In light of our careful consideration and rejection of appellant's twenty-six points of error, we affirm the judgment of the trial court.
I concur in the disposition of points of error five and six.
In Soria v. State, 933 S.W.2d 46 (Tex.Cr.App.1996), this Court recognized that in limited circumstances a defendant might waive his Fifth Amendment rights-by presenting the testimony of an expert who had conducted a psychiatric examination of the defendant. The Court took pains to explain that only by presenting the testimony of his own expert does a defendant “constructively testify” and thereby subject himself to examination by the State's psychiatric expert. Soria, 933 S.W.2d at 57-58. Actual presentation of testimony by the defendant is necessary to effect a waiver of Fifth Amendment rights because until such testimony is presented it cannot be said that the defendant has constructively testified. As explained, “introduction by the defense of psychiatric testimony based upon an examination of the defendant ‘constitute[s] a waiver of the defendant's fifth amendment privilege in the same manner as would the defendant's election to testify at trial.’ ” Id., at 54 (quoting Battie v. Estelle, 655 F.2d 692, 701-702 (5th Cir.1981)). Merely initiating or expressing an intent to initiate a psychiatric evaluation does not amount to constructive testimony.
The Court has today “decided that it is necessary to employ a sort of ‘legal fiction’ ․ once [a defendant] has indicated an intent to present future dangerousness testimony.” Ante, at 611. Accordingly, the Court holds that “when the defense demonstrates the intent to put on future dangerousness expert testimony, trial courts may order defendants to submit to an independent, state-sponsored psychiatric exam prior to the actual presentation of the defense's expert testimony.” Id.
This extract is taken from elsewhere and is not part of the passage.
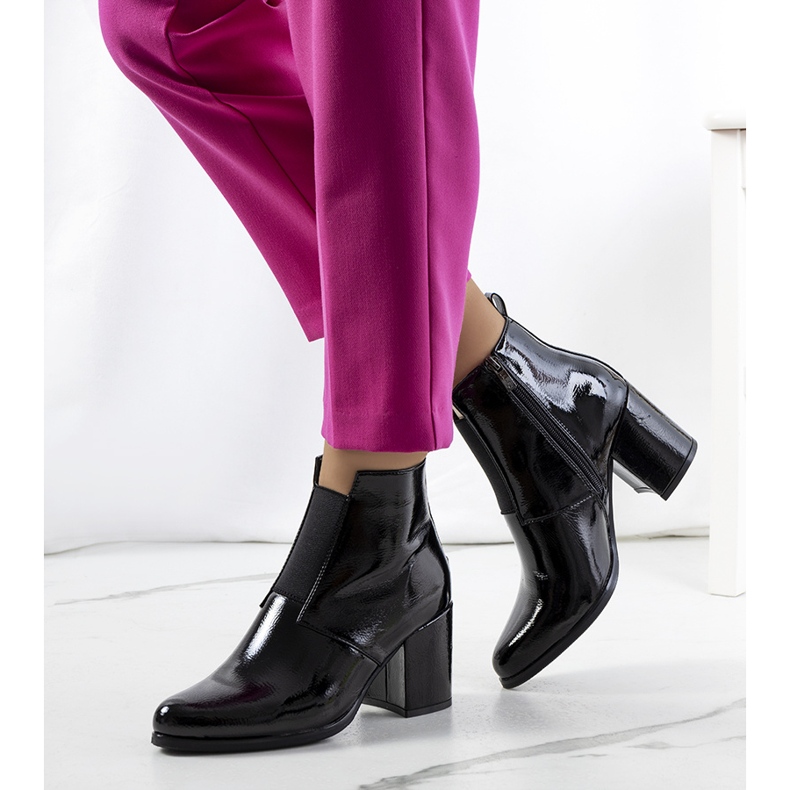 Černá lakovaná kůže z Norwiche 1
The Court justifies this holding by rationalizing that “[p]rohibiting the trial court from ordering a psychiatric exam until after the defense has actually presented his own expert testimony is bound to work against the State in almost every case.” Ante, at 611. I cannot agree we should ignore invocation of a defendant's constitutional rights because recognizing them “works against the State in almost every case.”
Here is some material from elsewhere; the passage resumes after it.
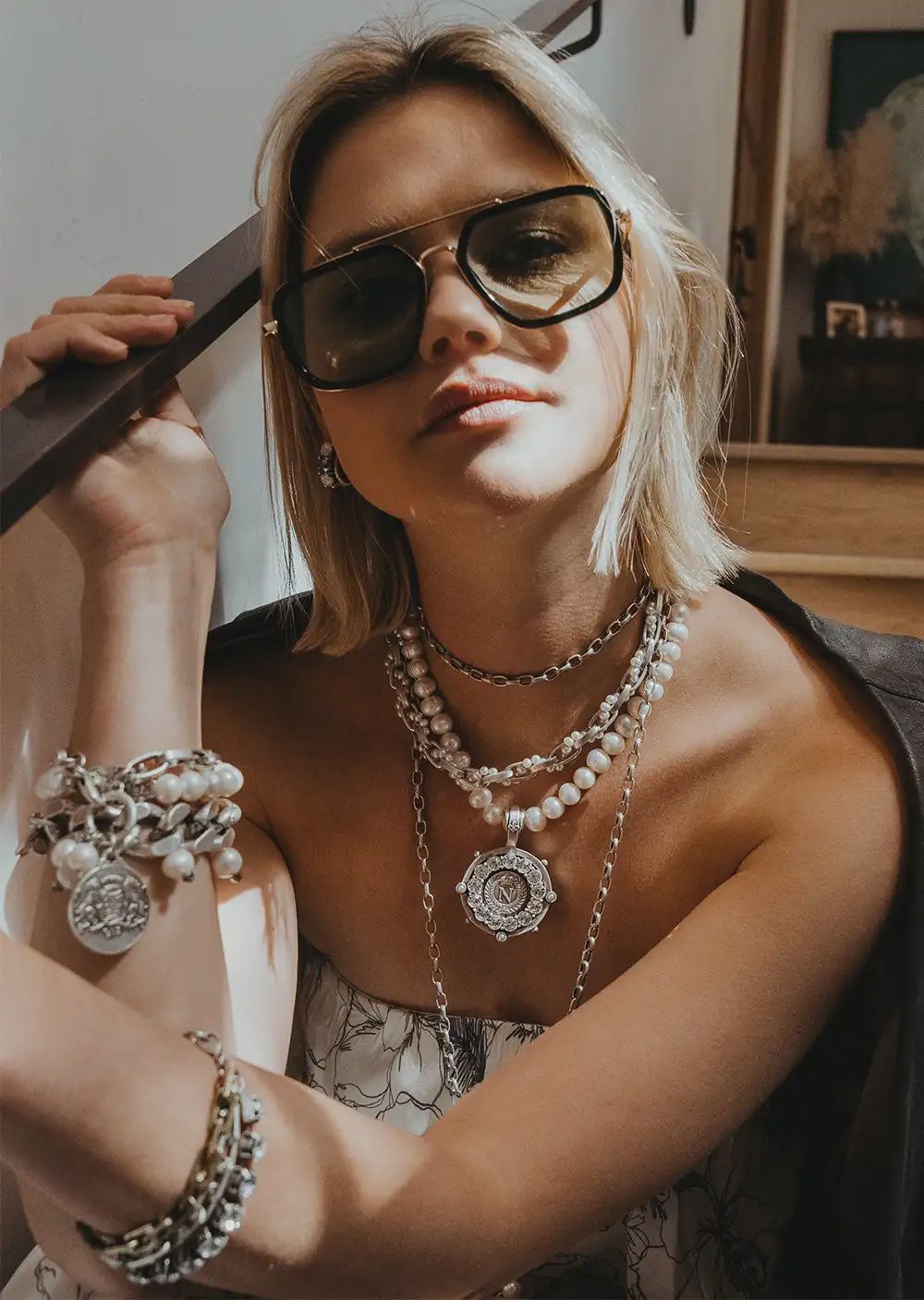 FK2512 CORPORAL PEARL NECKLACE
However, the majority offers some further explanation to support its holding: “Our sense of justice will not tolerate allowing criminal defendants to testify through the defense expert and then use the Fifth Amendment privilege against self-incrimination to shield themselves from cross-examination on the issues which they have put in dispute.” Ante, at 611. While this explanation may support the holding in Soria, it plainly does not support its holding in this case where the defendant has not “testified through the defense expert” and the defendant has not put any “issues ․ in dispute” because the defense expert has not testified. While the Court cites dicta from several cases in support of its holding, none of the cases cited hold as the Court holds today.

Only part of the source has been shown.